Jacob Roper, a spokesperson for CalGEM, told Capital & Main the department had implemented all “major” recommendations from the audit. Roper also said CalGEM had discontinued the use of placeholder permits, which it had used to approve injection well projects without geologic or engineering reviews.

A separate review of CalGEM’s injection well permitting process being conducted by experts at the Lawrence Livermore National Laboratory is expected to deliver its findings in “a matter of months.”
 

Potential ban in the works

Meanwhile, a bill introduced in the state Senate in February would lead to a complete ban on injection-based oil and gas production, including hydrofracturing and cyclic steam by 2027, and waterflooding and steamflooding by 2035. The legislation would also institute a 2,500-foot “health protection zone” between wells and homes, schools and other facilities, a long sought-after goal of environmental justice advocates.

One of its sponsors, State Sen.
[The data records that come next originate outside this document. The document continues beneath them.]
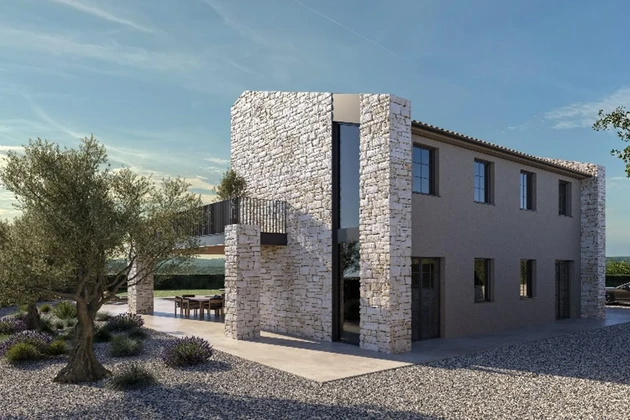 Impresionante villa en venta en Kanfanar, Croacia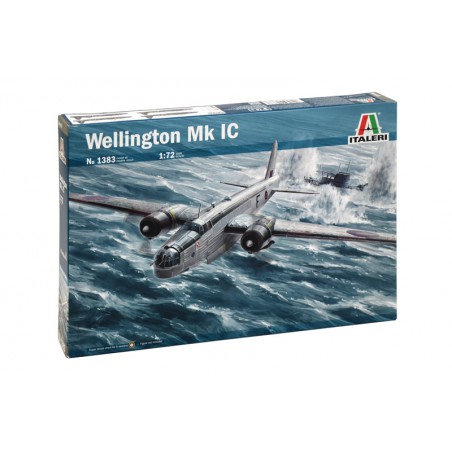 Vickers Wellington Mk.IC  -  Italeri (1/72)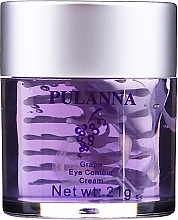 Парфумерія, косметика Крем для шкіри навколо очей - Pulanna Grape Eye Countour Cream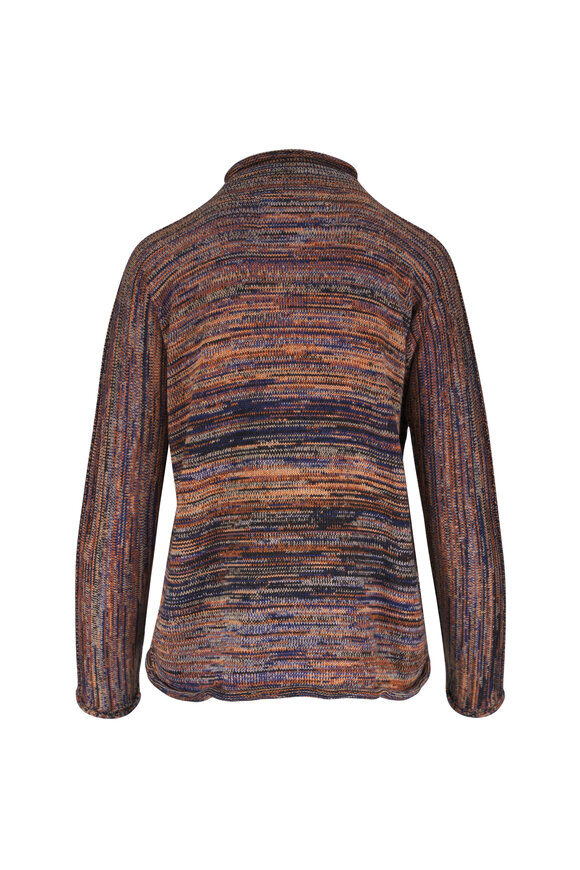 Frank & Eileen Harvest Roll Neck Cotton Sweater - view 2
Scott Wiener, said the impact of injection wells on water tables was “certainly one” of the impacts he was concerned with.

“We know there have been a number of studies showing that oil extraction, particularly these harsh varieties, have real health impacts on surrounding communities — we know oil extraction usually happens in lower class and working class communities, communities of color, and they cause serious health impacts in addition to having impacts on air and water.”

But Wiener noted the bill would not ban the practice of underground produced water disposal — which could be a major culprit of groundwater pollution by oil and gas activities.

From 2008 to 2018, the industry produced 1.3 trillion gallons of water in California via oil and gas extraction; as of the second quarter of 2017, 81% of produced water was injected back underground, according to a report from the environmental group Earthworks.

According to Pulupa, the Central Valley water board director, injecting produced water may pose less of a threat to groundwater supplies than other methods, such as disposing of it inunlined pits, but its full impact is still murky and presents risks.

“If you dispose enough of the produced water, it might migrate toward the valley floor, which is not a drinking water supply as of now, but certainly is water used for agricultural purposes,” Pulupa said.

Roper, the CalGEM spokesperson, said the agency is in discussions with the state water board to design a truncated environmental review process for new injection wells that have typically not been subject to them because they’re part of so-called non-expansion projects.